I felt like that was a perfect film story and there are so many great archives. I always think that the things I enjoy the most are small stories that says something about something bigger rather than trying to ’here is a film about second wave feminism between 1968 and 1973’.

This story was going on at the same time anyway and in the background all of this bigger stuff was going on. So I think it is a really clever way to contextualise what was going on but not ram it down people’s throats.

- Where did the research period start for you? And how much did you know about what was going on at that time?

I knew a little bit and had read a few books on it. I had done a philosophy masters and I had been interested in a history of gender. I remember reading The Female Eunuch by Germaine Greer and thinking ‘this is amazing’.

I knew who Berry Friedan was but I had never read her books and so I started by reading all of these key texts. Billie Jean King is an executive producer on this movie and from just one conversation with her you can get so many ideas of books that you want to read and people that you want to talk to.

I guess it just started by immersing ourselves in those sorts of things and watching a whole host of movies. You just start immersing yourself in a world and one things leads to another as you realise ‘gosh, when this was going on this was also happening’. It just sort of unfolds really as you go along.

- Billie Jean King played a huge part during that time and in the film so how keen was she to get on board and partake in the film?

Because it is was such a big part in her life it was almost like she was auditioning us to see if we were the right filmmakers. I guess people have always wanted to tell this story but she has to tell it in the right way for her.

It is quite rare to get a living legend as they are usually dead; it is quite rare to get to make a film with the person who is the subject of the film. She was very keen but she was keen to have it told in the right way.

I think she was glad to have a female director on board and I think that she liked the fact that we were British. So she just made that leap and she was brilliant.

- The likes of Margaret Court and Chris Evert are also involved so how easy/difficult was it getting them on board?

The tennis world is quite a small world and as long as you don’t piss anyone off once you are in it you are in it. Billie and Chris have a very good relationship and once Chris knew that Billie was doing there was no doubt that she would do it as well.

Margaret Court was different because her and Billie Jean… they have a cordial relationship but they are not best friends, they never have been. Also in the story Margaret Court could be made to be a real villain - I don’t think we make her out that way - and you have to be a bit more delicate; especially now she is not in the tennis world at all.

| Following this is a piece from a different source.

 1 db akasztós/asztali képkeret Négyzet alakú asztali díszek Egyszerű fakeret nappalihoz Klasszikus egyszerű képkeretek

The original nine were all delighted because we were telling their story. I think once they knew that this is happening and going into cinemas they want in on it because they feel that they are part of that story.

- How did the movie and the story you were trying to tell evolve from the initial idea to the final film that we see on the big screen?

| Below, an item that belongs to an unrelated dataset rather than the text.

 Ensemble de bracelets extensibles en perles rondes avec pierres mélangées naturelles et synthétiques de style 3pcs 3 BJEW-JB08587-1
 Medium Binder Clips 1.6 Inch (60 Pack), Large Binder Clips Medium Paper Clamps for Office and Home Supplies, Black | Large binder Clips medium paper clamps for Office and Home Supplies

We always knew that we were going to end with the match but we also wanted to bring in the whole original nine and the formation of the Women’s Tennis Association; that is why the match mattered.

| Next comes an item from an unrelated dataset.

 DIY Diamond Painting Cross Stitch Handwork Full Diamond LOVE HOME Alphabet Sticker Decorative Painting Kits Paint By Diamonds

I think we changed our opinion of not all the women coming on board and rebelling against as along the way as we met people and we realised how difficult it was and just what they were up against.

When I first read about the story I remembered thinking ‘why didn’t Chris Evert join them?’ But when you meet her and talk to her you realise what a missive think that would have been for an eighteen year old girl to have defied every tennis authority in the world as well as her own father who was saying ‘no you cannot do this’.

We never changed what the structure of the film was going to be because we always knew that the match was going to be the ending. But along the way I think we re-emphasised certain things and the extent to which they were part of the movement or not.

I think when I first approached it I thought ‘of course the women knew they were feminists and they were doing a great thing for feminism’ then when you meet them and talk to them there were only a few of them who realised how big of thing this was at the time.

A lot of them were like ‘I just want to play tennis and I want to paid fairly for it’ they were not thinking ‘women have got to fight for equal rights and the world in general’.

- The movie is made up of a whole host of footage from the time - including great shots from the match between Billie and Bobby - so how did you go about getting your hands on that?

That is a really complicated process. We had a really good archive researcher who helped us. But it is a lot of rigorous research but it is also a bit of luck as well within the time frame. Certain things came about from connections that we had made.

The footage of the match between Bobby and Margaret Court has not been seen since the time; there was two minutes in a news reel but the actual film reels had been lost. But we managed to track them down via this random guy that we met at a tennis tournament in Charleston last year who was doing a PHD in the women’s tennis movement.

He put in touch with these other guys from California who had been involved in setting up the match in the first place.

To cut a long story short they ended up leading us to the original film reel of that match that have never been seen. So that was never before seen footage and that was a real coup.

When you are making a film like this you only have a limited amount of time but it really is like an Aladdin’s cave. Sometimes these places haven’t kept the film reels because they didn’t think they were important or other times they just have one, but it is damaged.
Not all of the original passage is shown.